In the past I have cycled 20 miles to my boyfriend’s house every day in the school holidays (he couldn’t come to me – he was a classical musician and far too sensitive to do anything so physical as cycling), I cycled to college, I cycled steadily to the pub and unsteadily home again, I cycled when pregnant, and I cycled with children in seats behind.  At one time, my husband cycled with one daughter on the Tagalong, another on a crossbar seat, and a third in a back carrier – 4 people on one bike!  Move over, Chinese State Circus!

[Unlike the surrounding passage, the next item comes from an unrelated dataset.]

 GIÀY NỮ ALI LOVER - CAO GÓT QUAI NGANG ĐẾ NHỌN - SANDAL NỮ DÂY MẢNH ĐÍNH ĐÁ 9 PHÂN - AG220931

When I mentioned this at the meeting, the general consensus was that cycling is not a part of the Canadian culture.  Vancouver is one of the most environmentally aware cities in the world, and there are excellent facilities for cyclists, but everyone agrees that “it’s not like Europe”.  They hold countries like Denmark and Holland up as ideals, and hope that one day we can match those levels of bike-use.  There are many bike paths, but when the roads are frequently potholed and patched and raised by tree roots, the bikes paths cannot be much better.  The weather is a factor – constant grey drizzle in the winter makes it hard to cycle, and hard for drivers to see cyclists, although summers can be great.   When cycling is not part of the culture, it means that many drivers did not start out on bikes, and therefore have little understanding of how a bike moves, how a cyclist may react or how much room to give.  A driver who has never ridden a bike on the road does not know that the cyclist will avoid stopping at all costs, especially on a hill, because the energy it takes to restart is so draining.  When we are sat in a traffic jam, warm and cosy, in our heated pods, we forget that the cyclist outside in the drizzle has just slogged up a hill and is really pissed that we have not left enough room to allow her to pass and keep going.  Add the fact that the cars are very big, even if they are not moving as fast as they might do in Europe, and there are lorries and trucks like you would not believe, and the result is not good for a cyclist.

The future, however, is looking better.  Most city plans are including more consideration for bikes, and there is a growing understanding that a bike is a good way to commute.  We will continue to teach our children how to not just ride a bike, but ride to survive on the roads, and hope that they will inspire others to follow their example.